**Data shown:**

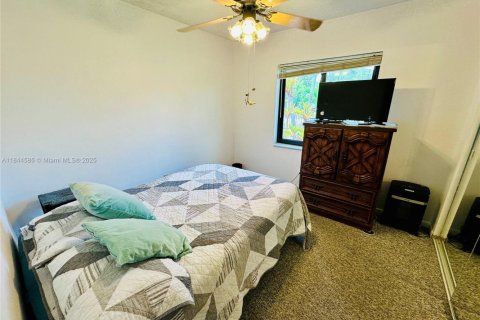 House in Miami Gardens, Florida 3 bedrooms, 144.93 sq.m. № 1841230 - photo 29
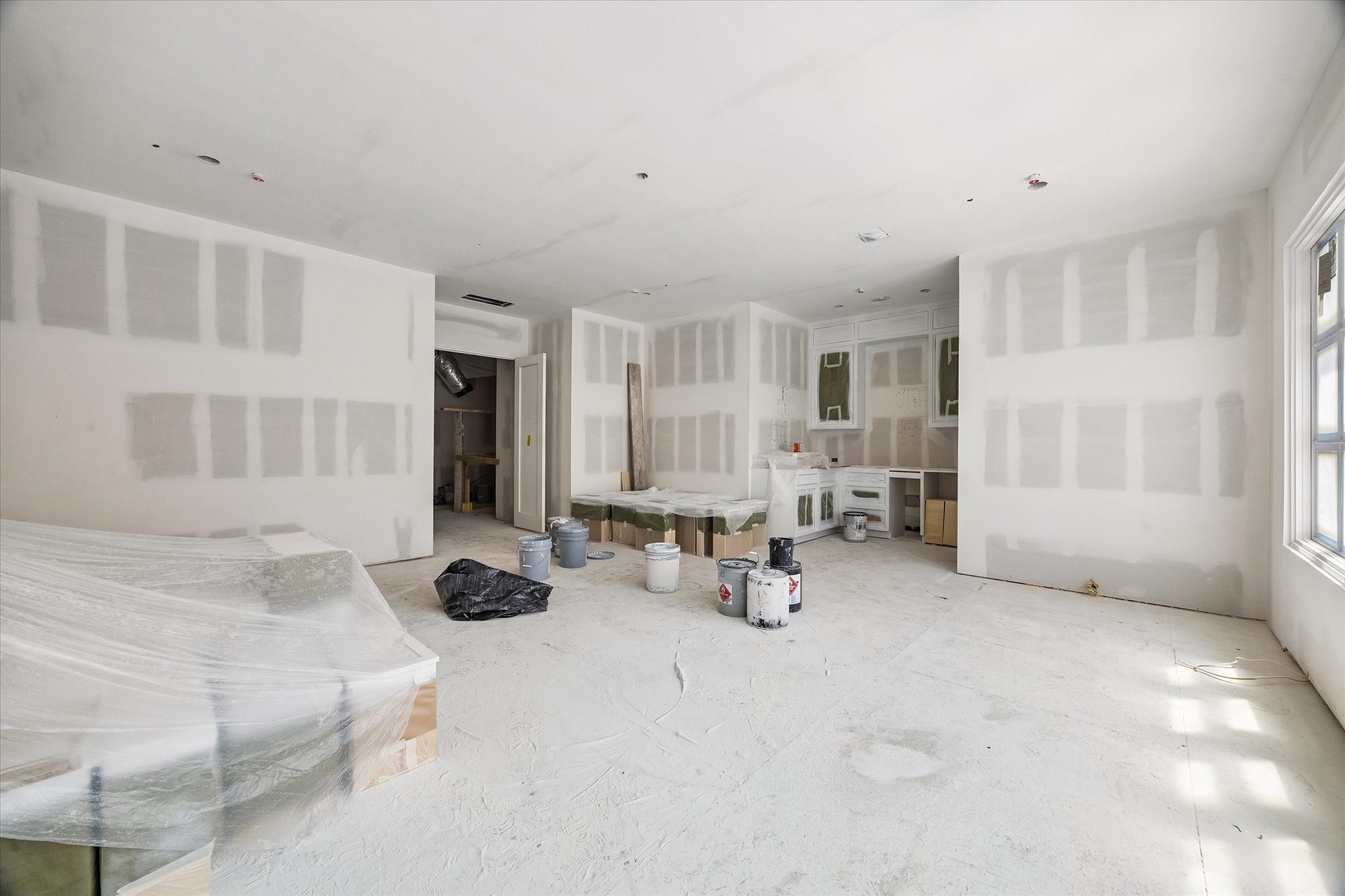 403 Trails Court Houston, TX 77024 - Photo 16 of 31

==

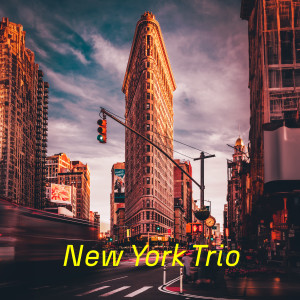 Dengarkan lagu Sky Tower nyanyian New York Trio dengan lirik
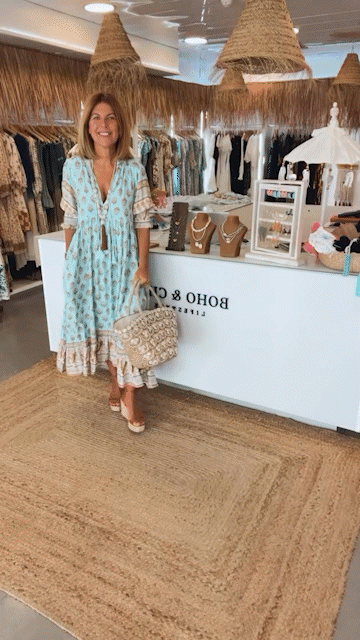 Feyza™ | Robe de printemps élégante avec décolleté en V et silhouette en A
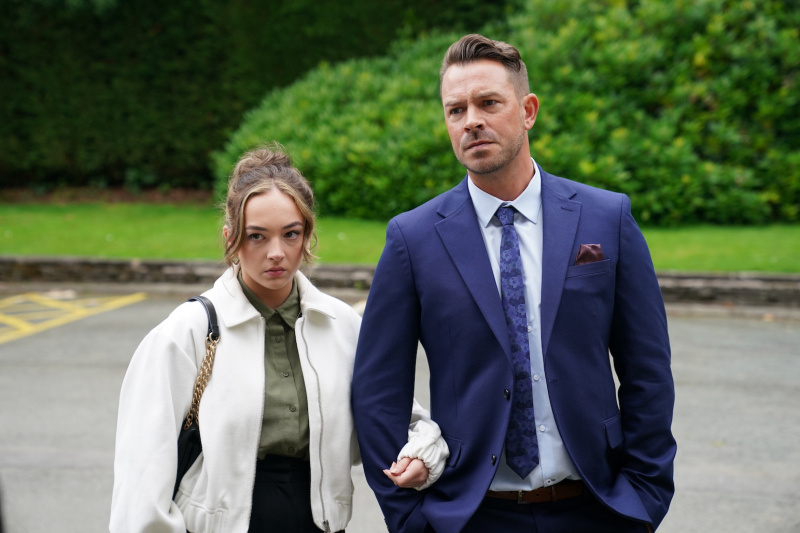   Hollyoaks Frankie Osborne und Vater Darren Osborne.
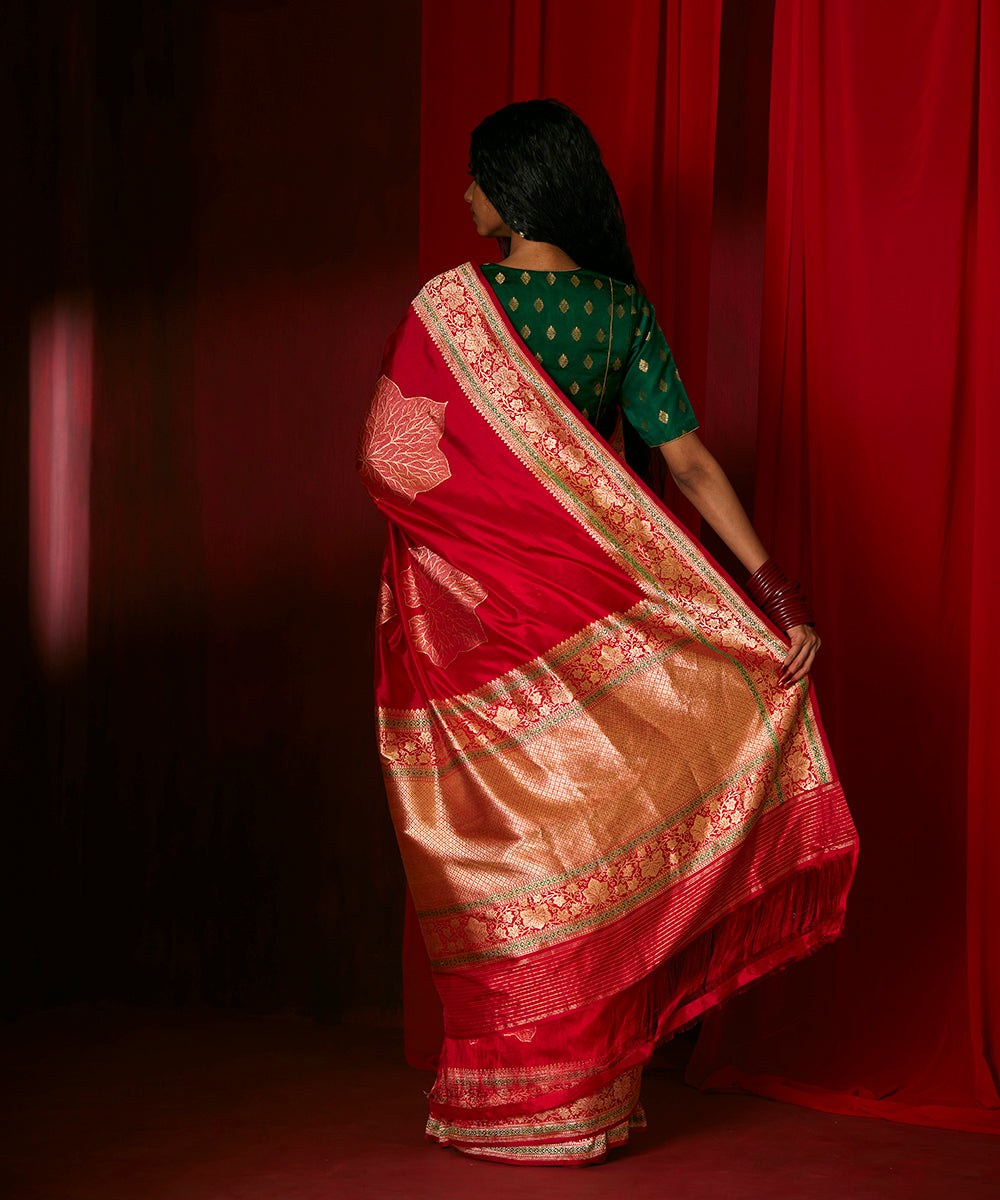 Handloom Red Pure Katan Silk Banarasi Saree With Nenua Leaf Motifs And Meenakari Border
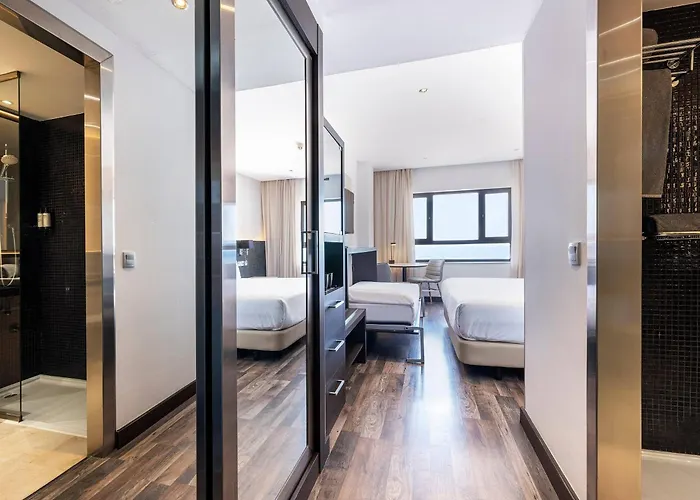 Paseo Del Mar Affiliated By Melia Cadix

--

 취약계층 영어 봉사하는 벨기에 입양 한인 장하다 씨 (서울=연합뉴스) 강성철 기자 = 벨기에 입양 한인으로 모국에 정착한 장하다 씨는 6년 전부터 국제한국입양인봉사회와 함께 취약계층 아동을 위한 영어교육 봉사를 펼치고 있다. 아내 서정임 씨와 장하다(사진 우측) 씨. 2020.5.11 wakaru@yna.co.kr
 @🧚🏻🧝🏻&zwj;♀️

**What this task involves:**
Reproduce the lines above starting at the one with "Feyza™ | Robe" and ending at the one with "Paseo Del Mar Affiliated By Melia Cadix", both included, exactly and with no pictures.

**Answer:**
 Feyza™ | Robe de printemps élégante avec décolleté en V et silhouette en A
   Hollyoaks Frankie Osborne und Vater Darren Osborne.
 Handloom Red Pure Katan Silk Banarasi Saree With Nenua Leaf Motifs And Meenakari Border
 Paseo Del Mar Affiliated By Melia Cadix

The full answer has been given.